For Miracle, which focuses largely on bilingual plays with Hispanic cultural themes, the collaboration is a way to utilize its Southeast Portland theater during the off season, and to build broader connections with audiences and the artistic community.
“We love music, and we love music in our space, (which allows it to be) intimate, up-close, acoustic,” says marketing director Tim Krause. “We came to appreciate the aesthetic that Staged! has of stripping musicals down to their essence.”
So far, the biggest impediment to success for the series, Krause feels, has been the late arrival of sunny weather, which has made Portlanders gravitate to outdoor activities.
“The audiences have been smaller than we hoped, but the experience has been even greater than we expected,” he says.
The heat, however, hardly interfered with the enthusiasm on Sunday, which Brown described in a message on his web site as “a really warm (in both senses of the word) and fun concert…in Portland, my first-ever visit to this beautiful city.”
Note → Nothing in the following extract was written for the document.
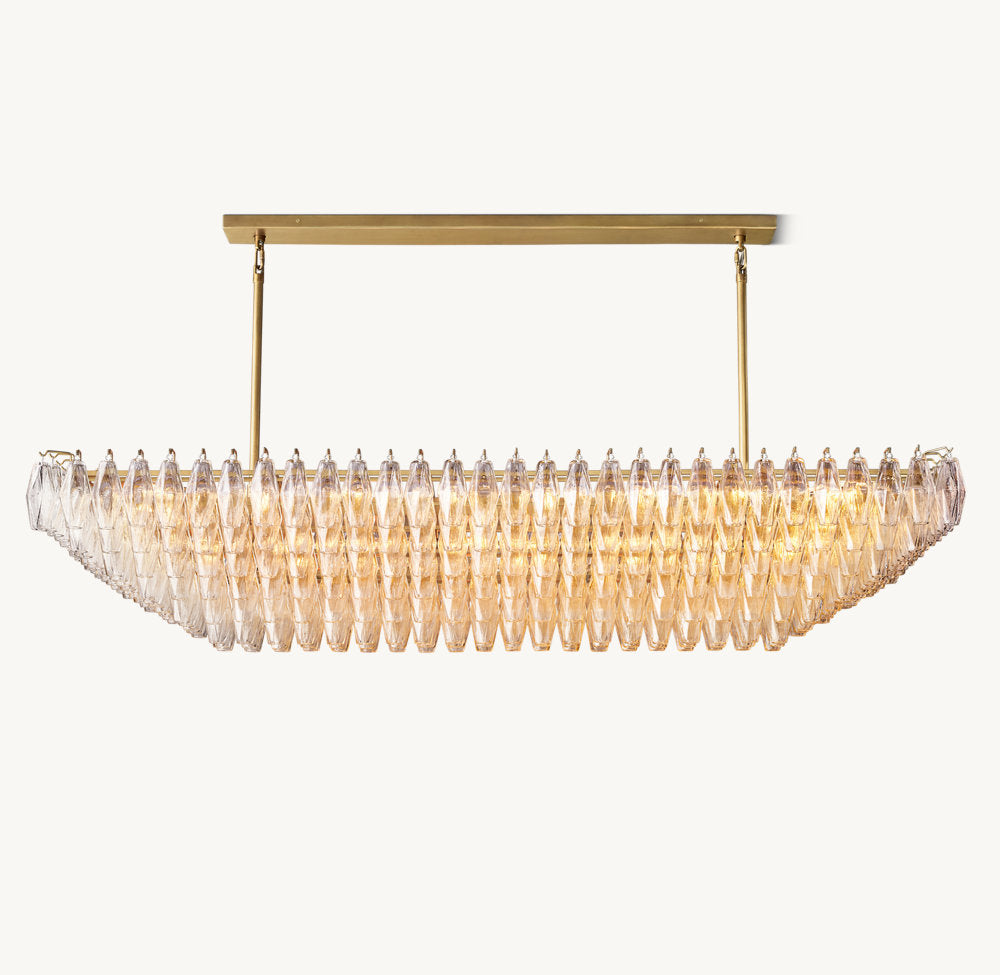 CHIARA CLEAR GLASS TIERED RECTANGULAR CHANDELIER 74"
Though it’s possible a few folks in the excited crowd weren’t JRB fans coming in, it’s unlikely any remained unconverted by evening’s end.
For starters, Brown’s piano playing verged on the breathtaking, characterized by rhythmic drive and complexity, and a kind of glistening melodic architecture that subsumed decades of pop vernacular into the refined emotive machinery of Broadway. He delivered his songs (which have been covered by such magnificent singers as Audra McDonald) in an assured, flexible baritone. And he created some of the most exciting moments by inviting the — surprised and thrilled — cast members from “Songs for a New World” (which he’d seen earlier in the afternoon) to perform with him.
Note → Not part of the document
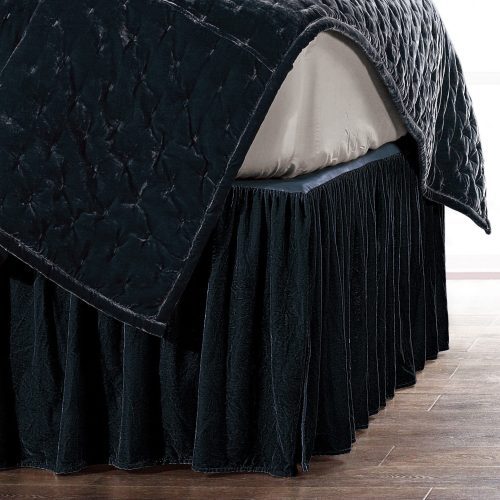 Stella Faux Silk Velvet Bed Skirt Queen / Midnight Blue Bed Skirt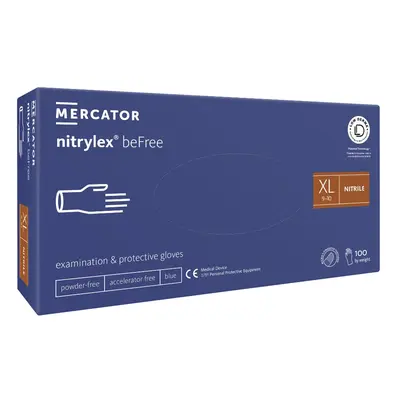 Mercator Medical Nitrilové rukavice Mercator NITRYLEX beFree, nepudr., modré,100ks Velikost: XS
As witty and engaging as he was in his between-song banter, he was even more so during the Q&A, addressing his working methods (“By the time I get the first line, the song will be done by the end of the day; but what it takes to get me to the first line is often months”); the shortcomings of his early songs (“‘Stars and the Moon,’ I mean, I’m glad people like it and I even like it but…the whole premise of the song is farcockt!”); the importance of emotional honesty in singers (“There are a lot of great voices, but there are very few great singers”); of Hal Prince giving him his breakthrough with “Parade” (“If he had given me a musical about the history of vacuum cleaners, I’d have said, ‘I’m on it!’”).
The one question he shied from, though, might have told us the most. Asked how he felt about the state of musical theater, he replied, “I’ve learned at great cost not to expound on that…I do it the way I think it should be done and just leave it at that.”